- _EXERCISE DIRECTIONS_: From the material below, set down exactly the lines that run from the one containing "Durable 81mm Suspension" to the one containing "Drugie zdjęcie samochodu", minus the pictures.

- _DATA UNDER STUDY_:

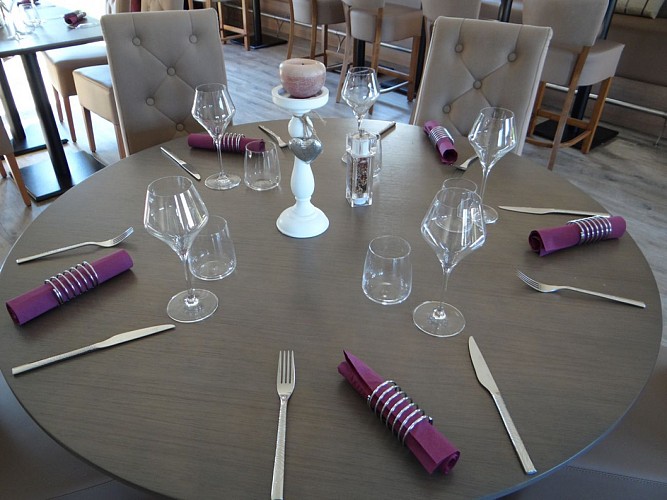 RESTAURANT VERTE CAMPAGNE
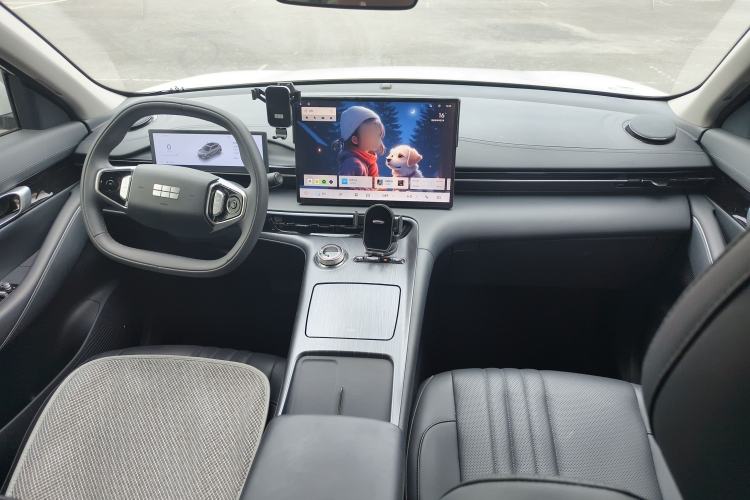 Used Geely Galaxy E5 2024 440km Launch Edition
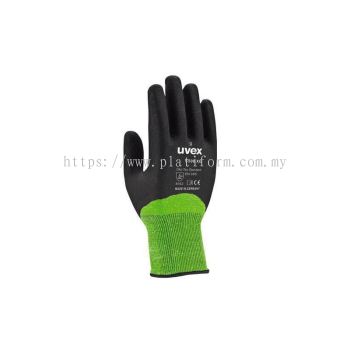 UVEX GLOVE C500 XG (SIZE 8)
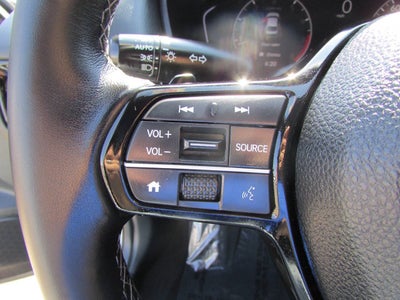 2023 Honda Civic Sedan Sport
--
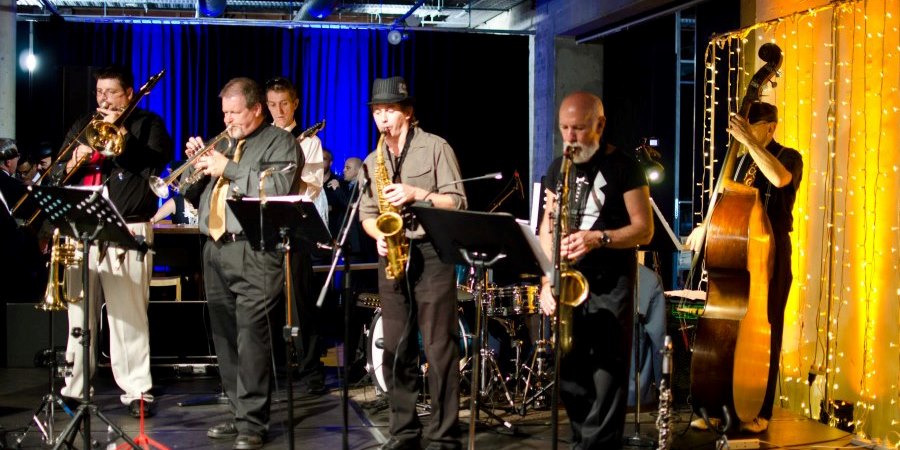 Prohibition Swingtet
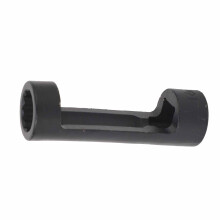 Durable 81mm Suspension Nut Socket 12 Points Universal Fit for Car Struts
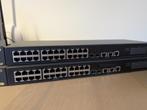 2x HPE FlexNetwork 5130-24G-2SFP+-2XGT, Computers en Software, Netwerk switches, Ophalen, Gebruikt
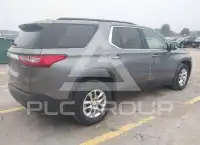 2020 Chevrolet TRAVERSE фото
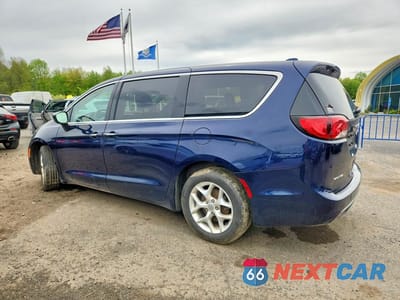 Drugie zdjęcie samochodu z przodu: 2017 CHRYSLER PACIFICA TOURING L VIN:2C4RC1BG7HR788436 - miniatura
--
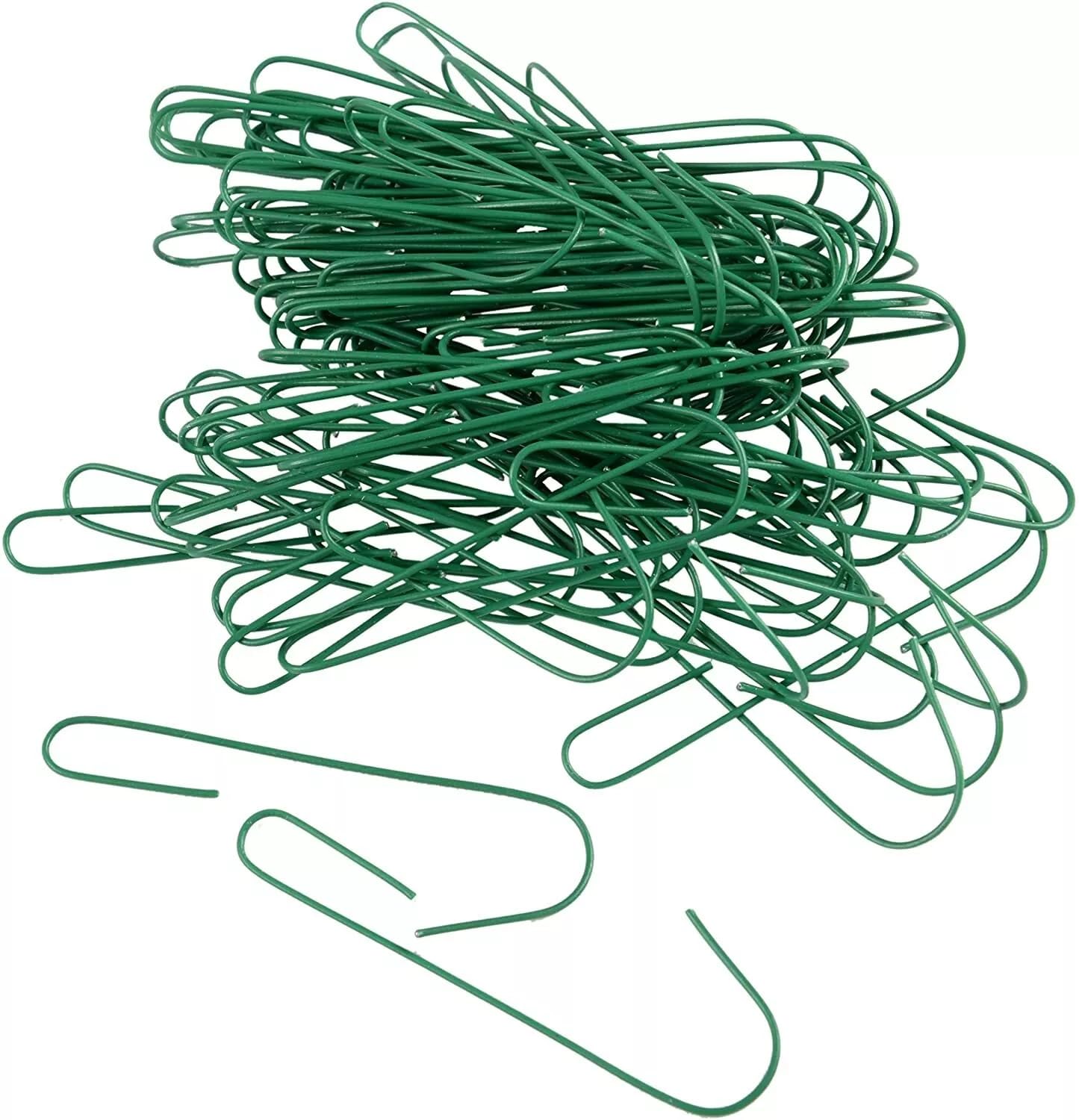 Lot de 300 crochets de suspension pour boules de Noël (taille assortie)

- _WRITTEN ANSWER_:
 Durable 81mm Suspension Nut Socket 12 Points Universal Fit for Car Struts
 2x HPE FlexNetwork 5130-24G-2SFP+-2XGT, Computers en Software, Netwerk switches, Ophalen, Gebruikt
 2020 Chevrolet TRAVERSE фото
 Drugie zdjęcie samochodu z przodu: 2017 CHRYSLER PACIFICA TOURING L VIN:2C4RC1BG7HR788436 - miniatura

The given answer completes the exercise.